[Captioned web image data]
╔══

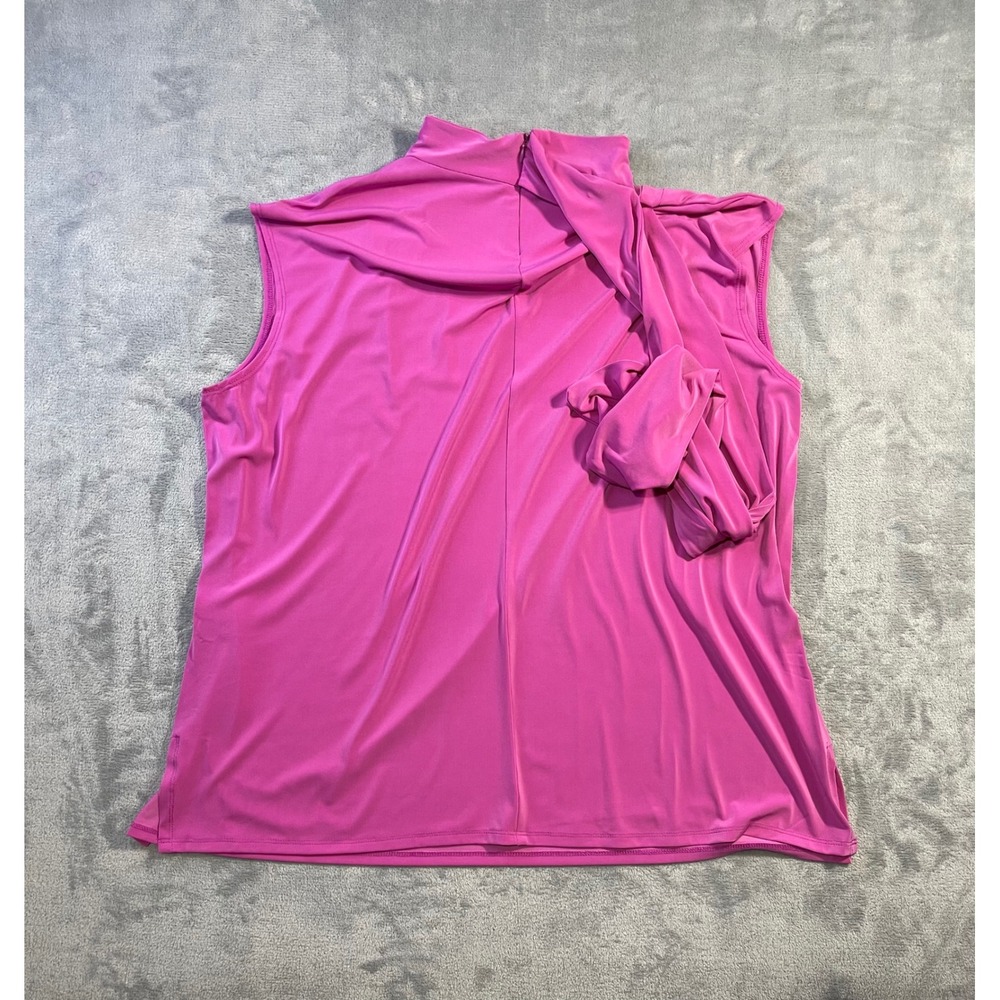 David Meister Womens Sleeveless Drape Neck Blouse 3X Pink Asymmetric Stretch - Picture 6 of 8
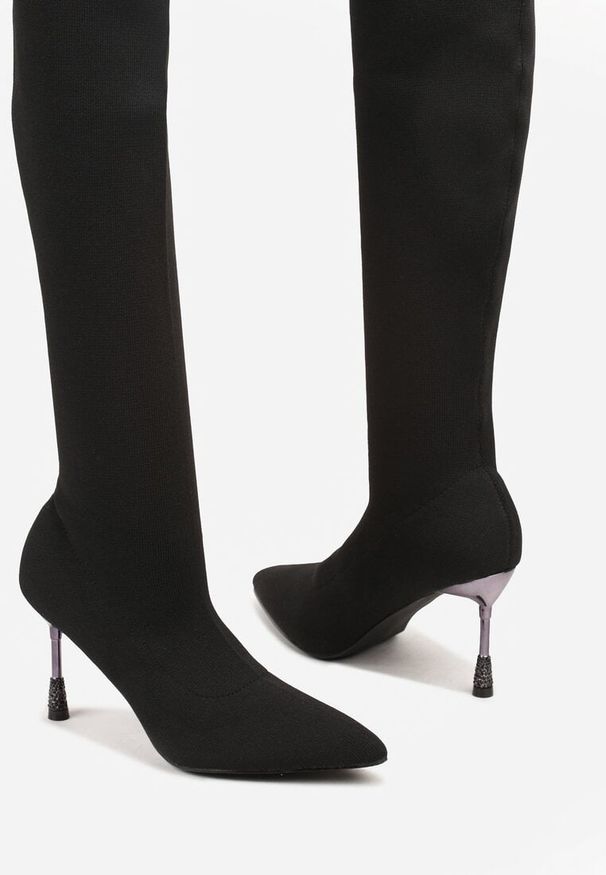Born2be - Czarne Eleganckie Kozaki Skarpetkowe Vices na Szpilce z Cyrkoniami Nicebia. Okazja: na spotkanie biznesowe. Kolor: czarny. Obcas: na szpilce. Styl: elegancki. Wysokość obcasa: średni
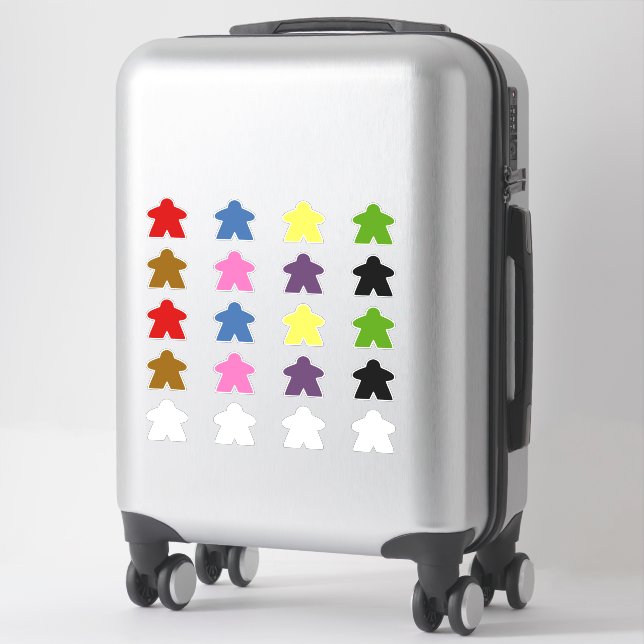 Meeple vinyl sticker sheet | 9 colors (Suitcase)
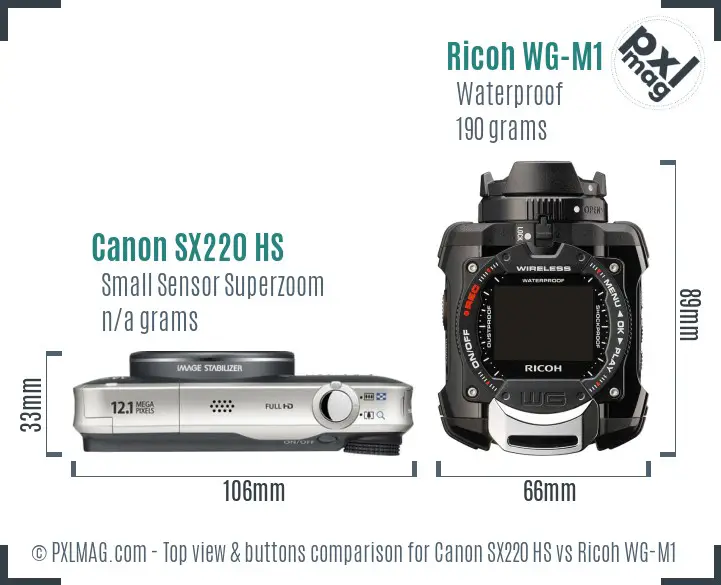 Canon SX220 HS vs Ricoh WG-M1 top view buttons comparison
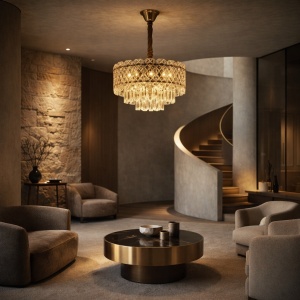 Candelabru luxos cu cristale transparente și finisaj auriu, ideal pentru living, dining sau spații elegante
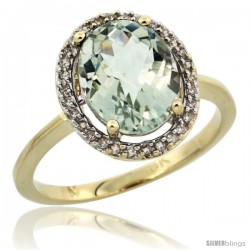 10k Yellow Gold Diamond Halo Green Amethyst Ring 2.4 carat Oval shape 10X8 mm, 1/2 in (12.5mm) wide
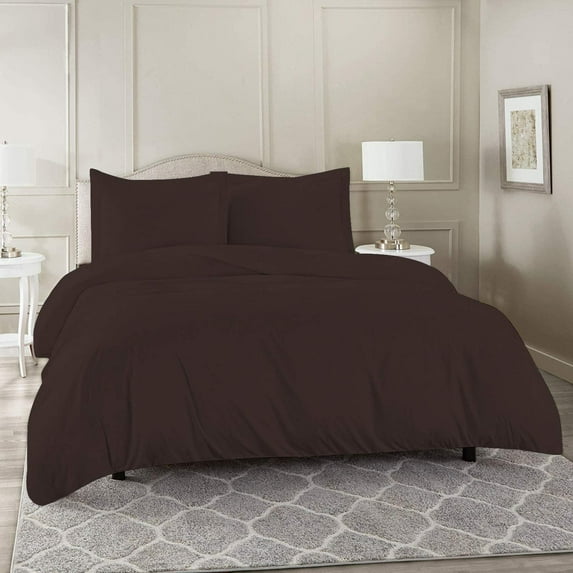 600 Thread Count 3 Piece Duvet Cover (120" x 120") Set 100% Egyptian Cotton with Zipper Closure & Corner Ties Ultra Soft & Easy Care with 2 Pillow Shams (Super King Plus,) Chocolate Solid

╚══

=== WHAT THE EXERCISE ASKS ===
Could you repeat, exactly and with nothing else, the lines from the first line of the records through the line containing "Canon SX220 HS"? Leave out the pictures.

=== PROBLEM SOLUTION ===
 David Meister Womens Sleeveless Drape Neck Blouse 3X Pink Asymmetric Stretch - Picture 6 of 8
Born2be - Czarne Eleganckie Kozaki Skarpetkowe Vices na Szpilce z Cyrkoniami Nicebia. Okazja: na spotkanie biznesowe. Kolor: czarny. Obcas: na szpilce. Styl: elegancki. Wysokość obcasa: średni
 Meeple vinyl sticker sheet | 9 colors (Suitcase)
 Canon SX220 HS vs Ricoh WG-M1 top view buttons comparison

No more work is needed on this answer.